NOW, THEREFORE, the parties hereto hereby agree as follows:

1. All capitalized terms used herein, unless otherwise defined herein, have the same meanings provided therefor in the Agreement.

2. Subject to the terms and conditions hereof, the Agreement is hereby amended as follows:

(A)           Section 6.3 is amended by deleting the language contained therein and substituting the following therefor:

6.3           Debt Service Coverage Ratio.   Commencing the fiscal quarter ending on December 31, 2009 and the end of each fiscal quarter thereafter, for the preceding four fiscal quarters then-ended, a Debt Service Coverage Ratio of 1.50 to 1.0.  For purposes hereof, ‘Debt Service Coverage Ratio’ shall mean (i) The sum of Earnings before Interest, Taxes, Depreciation and Amortization, plus the 2010 Adjustment (defined below), minus Dividends minus unfinanced Capital Expenditures, divided by (ii) the sum of scheduled principal and capital lease payments plus Interest Expense; in each case as determined by GAAP consistently applied.

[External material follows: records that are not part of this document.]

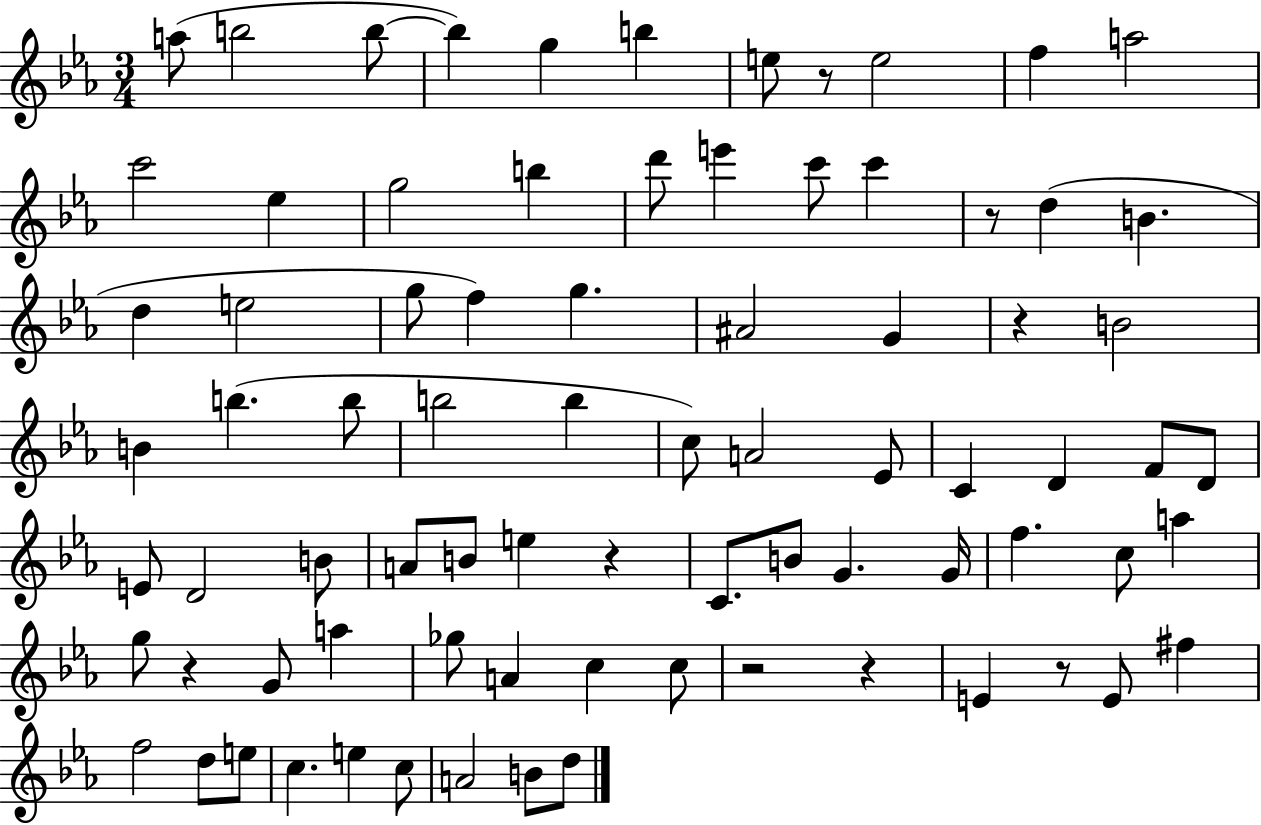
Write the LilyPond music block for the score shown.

{
  \clef treble
  \numericTimeSignature
  \time 3/4
  \key ees \major
  a''8( b''2 b''8~~ | b''4) g''4 b''4 | e''8 r8 e''2 | f''4 a''2 | \break c'''2 ees''4 | g''2 b''4 | d'''8 e'''4 c'''8 c'''4 | r8 d''4( b'4. | \break d''4 e''2 | g''8 f''4) g''4. | ais'2 g'4 | r4 b'2 | \break b'4 b''4.( b''8 | b''2 b''4 | c''8) a'2 ees'8 | c'4 d'4 f'8 d'8 | \break e'8 d'2 b'8 | a'8 b'8 e''4 r4 | c'8. b'8 g'4. g'16 | f''4. c''8 a''4 | \break g''8 r4 g'8 a''4 | ges''8 a'4 c''4 c''8 | r2 r4 | e'4 r8 e'8 fis''4 | \break f''2 d''8 e''8 | c''4. e''4 c''8 | a'2 b'8 d''8 | \bar "|."
}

“2010 Adjustment” shall mean (i) for the fiscal periods ending 3/31/11, 6/30/11 and 9/30/11, the amount of $4,500,000, and (ii) for all other fiscal periods, the amount of $0.”

(B)           Except as amended herein, all other provisions of the Agreement shall remain in full force and effect, and are hereby ratified.

 
 

 


3.           The Bank and the Borrower agree that as of March 14, 2011, the aggregate outstanding principal amount of:  (i) the Revolving Credit Loans as evidenced by the Revolving Credit Note is $1,600,000 and interest has been paid through April 1, 2011.

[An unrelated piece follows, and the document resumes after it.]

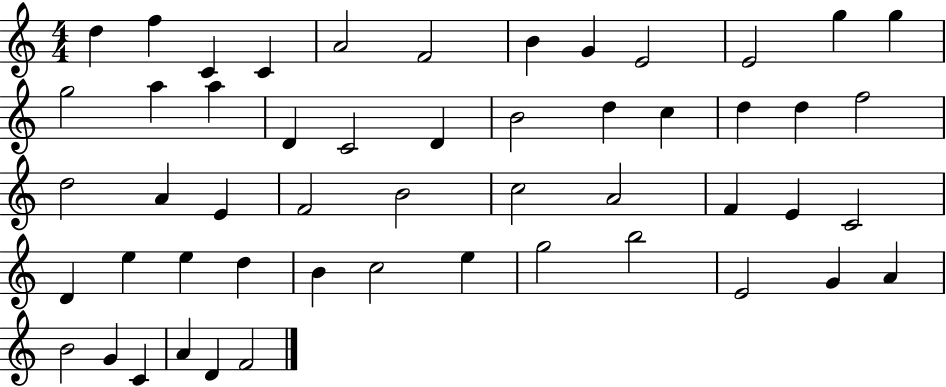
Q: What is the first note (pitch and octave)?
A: D5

4.           The Borrower hereby represents and warrants to the Bank that:

(a)           Each and every of the representations and warranties set forth in the Agreement is true as of the date hereof and with the same effect as though made on the date hereof, and is hereby incorporated herein in full by reference as if fully restated herein in its entirety; provided, however, that the December 31, 2006 date in Section 3.1 of the Agreement shall be deemed to be December 31, 2010, and the March 31, 2007 date in Section 3.1 of the Agreement shall be deemed to be March 31, 2010.

(b)           No Default or Event of Default and no event or condition which, with the giving of notice or lapse of time or both, would constitute such a Default or Event of Default, now exists or would exist after giving effect to this Amendment and the Waiver Letter of the Bank dated March 11, 2011.

(c)           There are no defenses or offsets to the Borrower's obligations under the Agreement, the Notes or the Loan Documents or any of the other agreements in favor of the Bank referred to in the Agreement.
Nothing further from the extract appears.